Martin Webb was convicted by a jury of willfully and knowingly refusing to submit to induction into the armed forces of the United States in violation of 50 U.S.C. App. § 462. He appeals on the ground that the government's only evidence of the offense, a letter mailed to the United States Attorney's Office stating that Webb had refused induction, was insufficient proof upon which to base a criminal conviction. We reverse and remand for a new trial.
The facts underlying the alleged violation are in dispute. Webb reported for induction as ordered on January 26, 1970, and proceeded through routine preliminary processing. At this point, Webb was apparently taken to the office of Lieutenant Colin Aldridge.
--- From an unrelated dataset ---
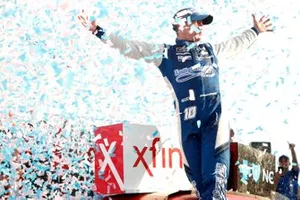 Race winner A.J. Allmendinger, Kaulig Racing, Chevrolet Camaro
Webb testified that he gave Lieutenant Aldridge a letter in which he expressed concern about possible criminal prosecution for war crimes and sought immunity from any prosecution. Lieutenant Aldridge, according to testimony, became upset and told Webb that the penalty for refusing induction could be five years imprisonment. Webb testified that he told the lieutenant that he was not refusing induction and that Lieutenant Aldridge then left the room, returning a few minutes later with Captain James Ohlson. Captain Ohlson reportedly asked Webb about the document and whether Webb intended to submit to induction. Webb insists that he stated he did so intend. Some discussion followed but apparently Captain Ohlson eventually took Webb to the Colonel in charge. Webb testified that the Colonel told him he could not sign the document and could not discuss it until Webb was formally inducted into the Army. The Colonel then left and Captain Ohlson, Lieutenant Aldridge and Webb returned to the ceremony room. Webb again asked Captain Ohlson to sign, or at least to read, the document he had brought to the induction center. Lieutenant Aldridge repeated his warning that the penalty for refusing induction was five years imprisonment. Webb said he told them again that he was not refusing but that Captain Ohlson said that Lieutenant Aldridge had stated that he had refused. Captain Ohlson then called the F.B.I.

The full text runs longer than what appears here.